Raw data:
# # # #

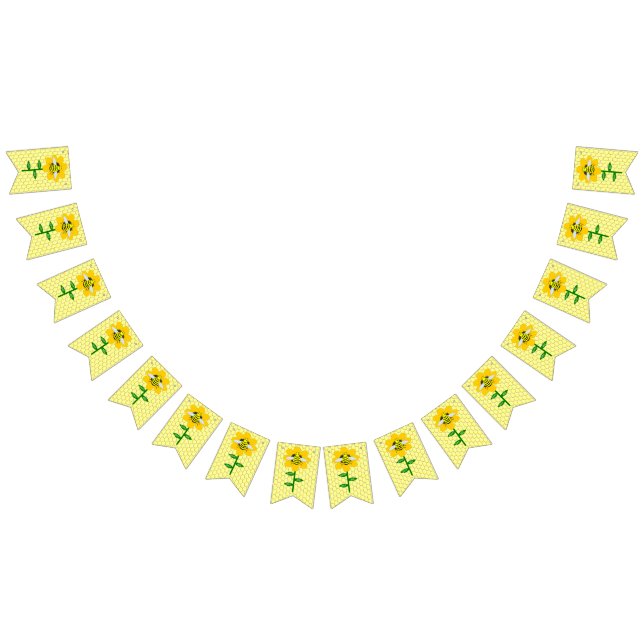 Bannière À Fanions Joyeux Jour des abeilles Anniversaire Bumblebee (Tout)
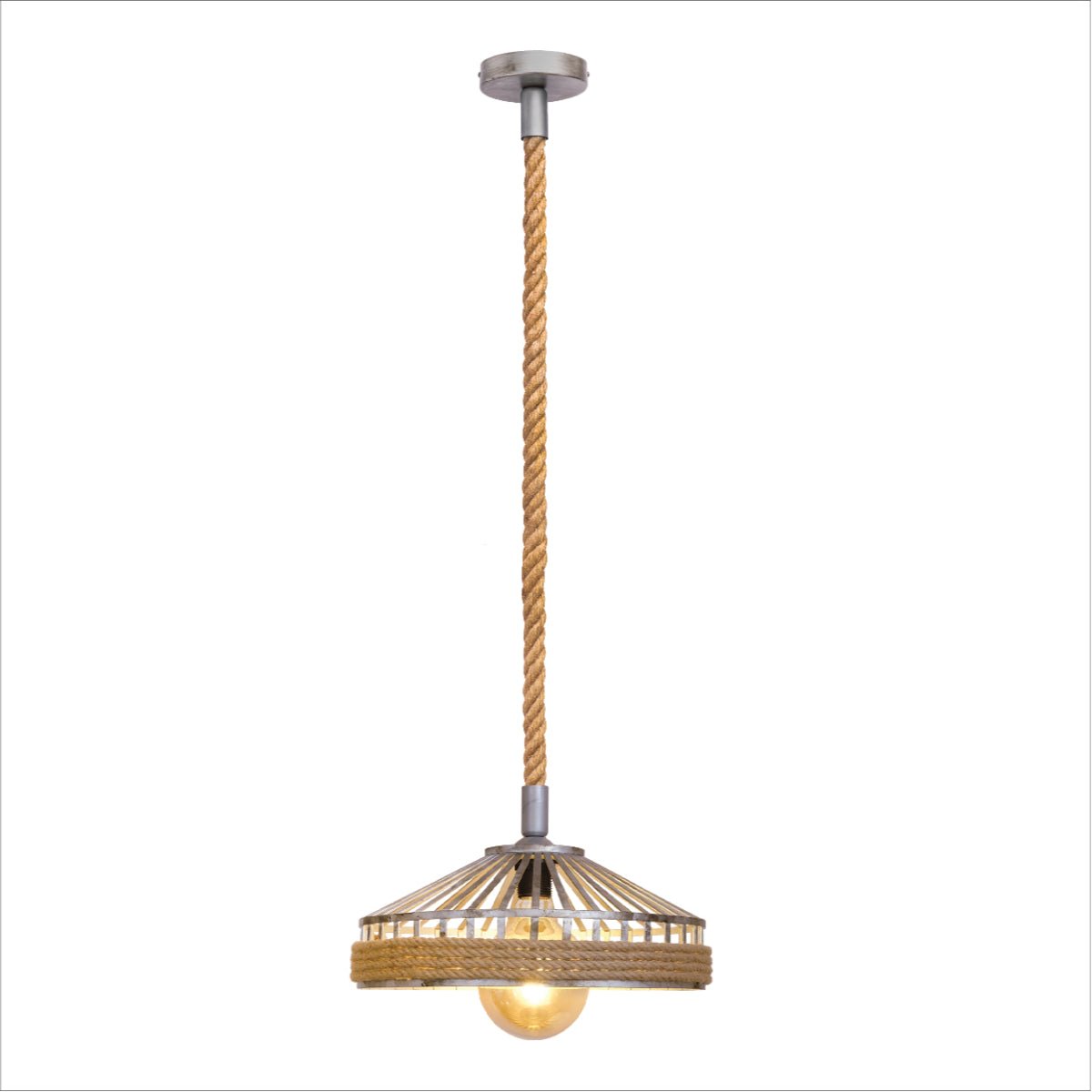Silvery grey metal hemp rope cage pendant light with E27 bulb socket, modern statement lighting fixture.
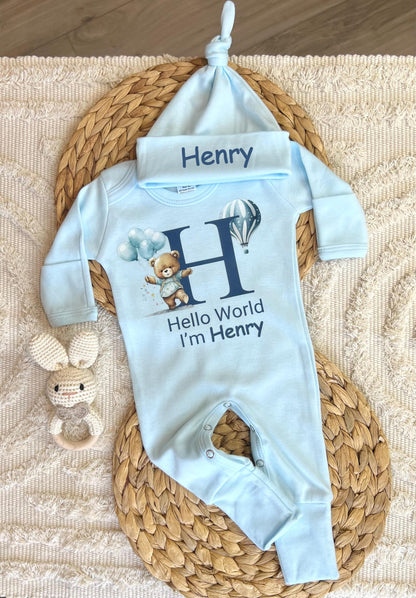 Boy Personalized Romper - Hello World - Blue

# # # #

Wherever a picture appears, omit it; copy the rest of the data exactly.

Output below:
 Bannière À Fanions Joyeux Jour des abeilles Anniversaire Bumblebee (Tout)
Silvery grey metal hemp rope cage pendant light with E27 bulb socket, modern statement lighting fixture.
 Boy Personalized Romper - Hello World - Blue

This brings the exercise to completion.